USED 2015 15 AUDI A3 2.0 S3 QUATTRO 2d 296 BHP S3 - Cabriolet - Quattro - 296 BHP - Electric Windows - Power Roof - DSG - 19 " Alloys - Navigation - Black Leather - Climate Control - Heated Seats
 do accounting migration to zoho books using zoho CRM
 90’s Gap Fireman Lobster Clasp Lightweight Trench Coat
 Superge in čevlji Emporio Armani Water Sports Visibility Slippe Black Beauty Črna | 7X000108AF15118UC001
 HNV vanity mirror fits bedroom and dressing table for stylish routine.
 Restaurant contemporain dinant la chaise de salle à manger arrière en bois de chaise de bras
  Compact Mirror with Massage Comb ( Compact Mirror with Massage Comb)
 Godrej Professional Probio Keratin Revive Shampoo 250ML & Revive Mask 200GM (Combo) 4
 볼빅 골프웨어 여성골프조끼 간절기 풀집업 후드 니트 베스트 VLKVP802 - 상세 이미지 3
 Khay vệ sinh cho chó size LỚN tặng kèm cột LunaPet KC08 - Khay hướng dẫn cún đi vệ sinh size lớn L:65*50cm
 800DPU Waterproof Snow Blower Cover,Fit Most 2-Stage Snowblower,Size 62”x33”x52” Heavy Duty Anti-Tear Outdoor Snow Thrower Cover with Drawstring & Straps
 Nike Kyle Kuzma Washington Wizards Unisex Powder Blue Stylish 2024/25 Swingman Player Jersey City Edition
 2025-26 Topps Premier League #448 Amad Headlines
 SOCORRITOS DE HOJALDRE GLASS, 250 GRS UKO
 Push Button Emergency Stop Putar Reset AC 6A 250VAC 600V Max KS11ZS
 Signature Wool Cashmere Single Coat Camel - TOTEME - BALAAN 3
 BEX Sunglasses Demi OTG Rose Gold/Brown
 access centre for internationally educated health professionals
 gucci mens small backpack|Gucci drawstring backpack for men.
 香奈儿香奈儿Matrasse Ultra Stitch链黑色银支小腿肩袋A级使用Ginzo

▶ _Your task_:
Write out exactly the lines from the line with "gucci mens small" to the close of the listing above, including both of those lines.

▶ _Task result_:
 gucci mens small backpack|Gucci drawstring backpack for men.
 香奈儿香奈儿Matrasse Ultra Stitch链黑色银支小腿肩袋A级使用Ginzo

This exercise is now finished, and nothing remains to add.